La démarche propose ensuite le développement d’une solution alternative, qui optimise ses multiples performances dans une optique de durabilité et de qualité globale. Au travers d’une approche de « recherche par le projet », un processus de conception intégrée (PCI), à la fois interdisciplinaire et participatif, est expérimenté des premières esquisses jusqu’à l’élaboration détaillée d’un prototype.
Enfin, à partir du produit de cette réflexion, la recherche monte en généralité et explore de multiples possibilités d’utilisation de ce nouveau système. Cette approche permet de démontrer le potentiel de contribution à des sphères fonctionnelles multiples, illustrant ainsi ce que pourraient être les bases conceptuelles d’une "architecture de l’événement".

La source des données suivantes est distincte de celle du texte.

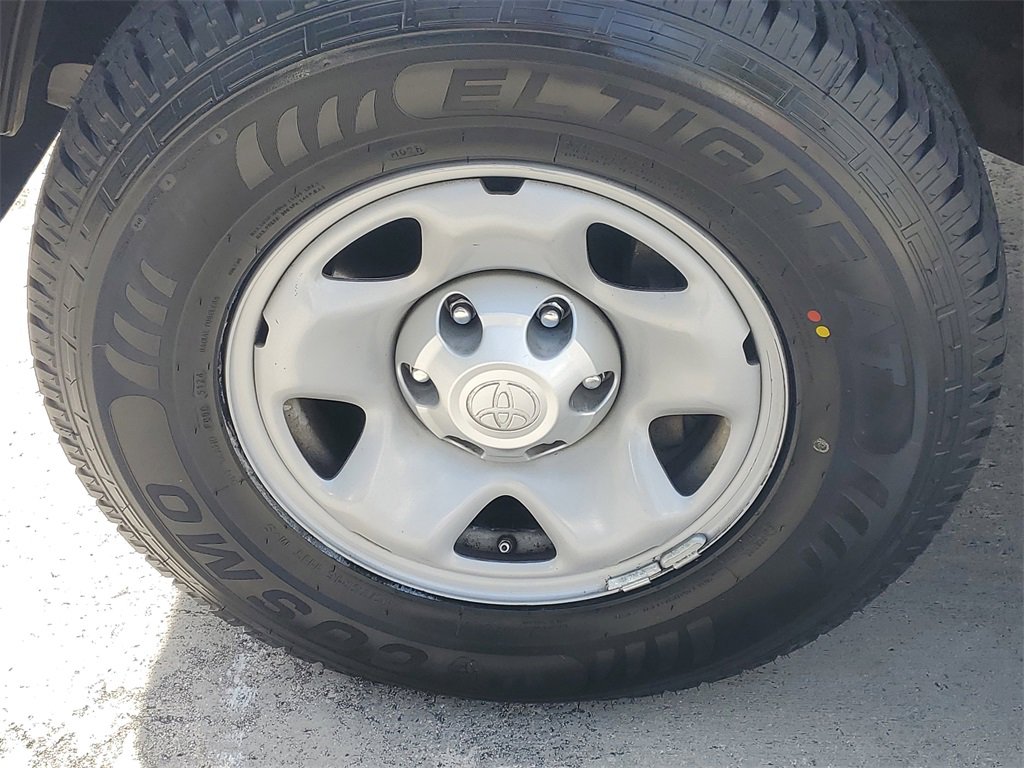 Certified 2022 Toyota Tacoma SR5 image 5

La présente recherche doctorale permet ainsi d’appréhender de manière structurée les multiples enjeux inhérents à l’application du concept de durabilité aux constructions temporaires à vocation événementielle. Il en résulte une méthodologie de recherche à la fois "multi-scalaire" et "multidisciplinaire", qui démontre le grand potentiel d’optimisation de ce type de constructions et la nécessité pour y parvenir d’en appréhender la conception simultanément à plusieurs échelles et en intégrant l’ensemble des acteurs concernés.